Intervention de Jean-Félix Acquaviva

Réunion du mardi 24 novembre 2020 à 18h00
Commission des lois constitutionnelles, de la législation et de l'administration générale de la république

Photo issue du site de l'Assemblée nationale ou de WikipediaJean-Félix Acquaviva :

Entre le détournement de fonds européens, la fraude à la TVA, la corruption ou le blanchiment d'argent, ce sont chaque année plusieurs dizaines de milliards d'euros qui échappent au budget de l'Union européenne et des États membres. Aussi le groupe Libertés et territoires se réjouit-il qu'après de longues années de négociations soit enfin mis en œuvre le Parquet européen.

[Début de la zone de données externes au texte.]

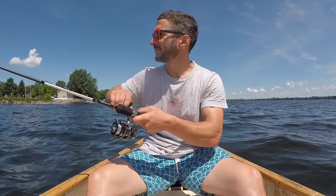It's been three minutes, three casts. Not even a bite.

C'est un grand texte. Cela permettra de définir un cadre européen efficace pour renforcer, mais aussi pour homogénéiser la réponse pénale apportée aux délits financiers affectant les intérêts de l'Union européenne. Il nous semble, en effet, que le dispositif proposé pour les procureurs européens délégués est relativement équilibré et qu'il leur permettra de disposer de prérogatives étendues relevant normalement du juge d'instruction, afin de mener à bien les enquêtes et les poursuites nécessaires. Ces prérogatives seront toutefois limitées et encadrées. Le procureur européen délégué ne pourra pas prendre seul des mesures attentatoires aux libertés, comme l'assignation à résidence avec surveillance électronique ou le placement en détention provisoire. Des questions restent en suspens, notamment la capacité de ces procureurs de demeurer indépendants. Si l'article 6 du règlement prévoit l'indépendance du Parquet européen, aucune garantie statutaire n'est prévue et le projet de loi évoque seulement un détachement du procureur européen délégué.

Notre groupe redoute que le projet de loi se cantonne à des effets d'annonce sur le volet environnemental, sans permettre de véritable saut qualitatif. Il ne reprend que deux des vingt-et-une recommandations du rapport Une justice pour l'environnement du Conseil général de l'environnement et du développement durable et de l'Inspection générale de la justice. Néanmoins, l'annonce de la création d'un délit d'écocide nous permet d'être optimistes quant à la poursuite des infractions concernées.

Concernant les juridictions dédiées au domaine de l'environnement, il ne s'agit pas de créer des tribunaux spécifiques en matière d'environnement, mais de spécialiser dans chaque cour d'appel un tribunal judiciaire. Cela permettra sans doute une plus grande familiarité de ces juridictions avec les questions environnementales, sans garantir pour autant une véritable expertise, d'autant que l'étude d'impact précise que cette création se fera à moyens constants. Il nous semble nécessaire, afin d'accroître l'effectivité de la justice environnementale, d'accorder plus de moyens aux polices de l'environnement. Or, l'office français pour la biodiversité, l'office national des forêts (ONF) et les parcs nationaux n'ont pas les ressources humaines et matérielles suffisantes pour constater les infractions.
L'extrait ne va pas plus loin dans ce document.